振り返ってみれば、世界を照らす光になりなさいとイエスは言っていたではないか。(マタイ5章)それを考えると、何やら似たようなことを言っているように思える。つまり私たちの目、私たちのからだのあかりが健全、健康、すなわち問題のない状態にあれば、私たちのすべてが明るい光となり、イエスが願うように世を照らすことができるのではないだろうか。そして私たちが世を照らすことができるのであれば、その明りのゆえに人々は神を知ることができるのだろう。ところがその反面、私たちの目に何らかの問題があるとすれば、私たちの明りは消えてしまい、暗くなってしまうのだ。もしそうなってしまえば、私たちは人に神のことを知らせるどころか、むしろ人々を迷わせてしまい、あらぬ方向へ、まかり間違えれば正反対へと導いてしまうことにもなりかねない。そうならないことを望むのであれば、私たちはからだのあかりである目を常に健康な状態に保っておかねばならないだろう。
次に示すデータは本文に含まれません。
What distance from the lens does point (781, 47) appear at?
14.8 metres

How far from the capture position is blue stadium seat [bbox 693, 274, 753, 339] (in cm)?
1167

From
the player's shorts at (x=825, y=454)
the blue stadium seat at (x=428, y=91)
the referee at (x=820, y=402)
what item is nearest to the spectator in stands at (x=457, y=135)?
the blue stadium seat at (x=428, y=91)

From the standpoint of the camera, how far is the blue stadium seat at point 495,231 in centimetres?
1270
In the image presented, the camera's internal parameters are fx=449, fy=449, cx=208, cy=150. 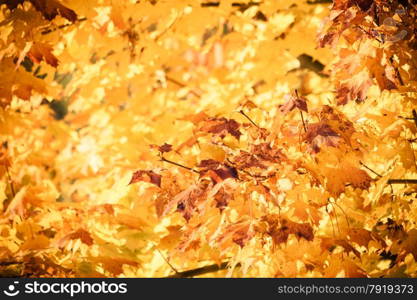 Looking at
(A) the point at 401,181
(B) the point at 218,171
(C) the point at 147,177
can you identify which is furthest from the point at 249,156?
(A) the point at 401,181

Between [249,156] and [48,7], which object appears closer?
[249,156]

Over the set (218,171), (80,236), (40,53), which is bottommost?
(80,236)

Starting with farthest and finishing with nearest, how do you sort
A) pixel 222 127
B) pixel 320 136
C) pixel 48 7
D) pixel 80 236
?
pixel 80 236
pixel 48 7
pixel 222 127
pixel 320 136

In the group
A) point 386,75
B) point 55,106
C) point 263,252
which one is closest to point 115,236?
point 263,252

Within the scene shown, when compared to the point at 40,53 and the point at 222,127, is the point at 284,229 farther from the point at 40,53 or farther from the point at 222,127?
the point at 40,53

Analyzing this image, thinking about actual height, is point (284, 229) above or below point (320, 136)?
below

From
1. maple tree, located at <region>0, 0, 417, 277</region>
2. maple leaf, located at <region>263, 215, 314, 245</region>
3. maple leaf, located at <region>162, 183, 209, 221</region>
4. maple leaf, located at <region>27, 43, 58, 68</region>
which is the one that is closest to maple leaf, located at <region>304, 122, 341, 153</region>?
maple tree, located at <region>0, 0, 417, 277</region>

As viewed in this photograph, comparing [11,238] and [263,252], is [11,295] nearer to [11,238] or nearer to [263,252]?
[11,238] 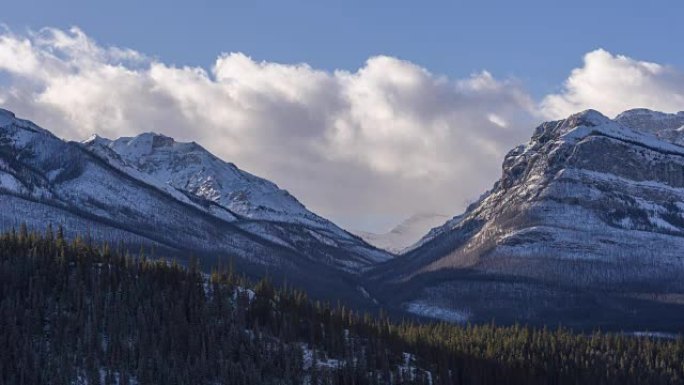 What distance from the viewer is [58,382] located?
646 feet

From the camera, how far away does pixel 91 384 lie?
199875 mm

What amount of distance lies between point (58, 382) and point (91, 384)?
5.78 meters

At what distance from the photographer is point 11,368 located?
198250mm

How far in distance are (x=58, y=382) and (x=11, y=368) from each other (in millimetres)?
8563

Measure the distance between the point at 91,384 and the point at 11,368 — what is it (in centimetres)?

言うなれば私たちの目は、外の世界と心の内側をつないでいる扉のようなものかもしれない。私たちの目を通して、外の景色が脳に投影されることではじめて、私たちは色々と感じたり考えたりするのではないか。その一方で、目は私たちの内側にあるものを外に投影するではないだろうか。人は悲しむと目から涙を流し、憤りを覚えると目つきが厳しくなり、楽しいことをすると目が笑う。目は口ほどに物を言う……いや、もしかしたら口以上に正直かもしれない。すべてがそうではないだろうが、私たちが何を見るかで、私たちの目の状態が決まってくるのではないだろうか。私たちは直接神を見ることはできない。しかし神の働きを様々なものに見いだすことはできるのではないだろうか。例えば美しい自然を見ることで、天地万物を創造された神の姿を間接的に見ることができるのではないか。間接的であれ神を見ることで、私たちは神が現実の存在であることを知ることができるのだ。そして神を知ることによって、私たちの心にある悲しみ、憤り、不安といったものは払拭されるだろう。そうすることで、私たちの目、すなわちからだのあかりは健康を取り戻し、明るく周囲を照らすことができるようになるのではないだろうか。

神に目を向けて日々過したいものである。それは自分のためだけでなく、人のためにもなるだろう。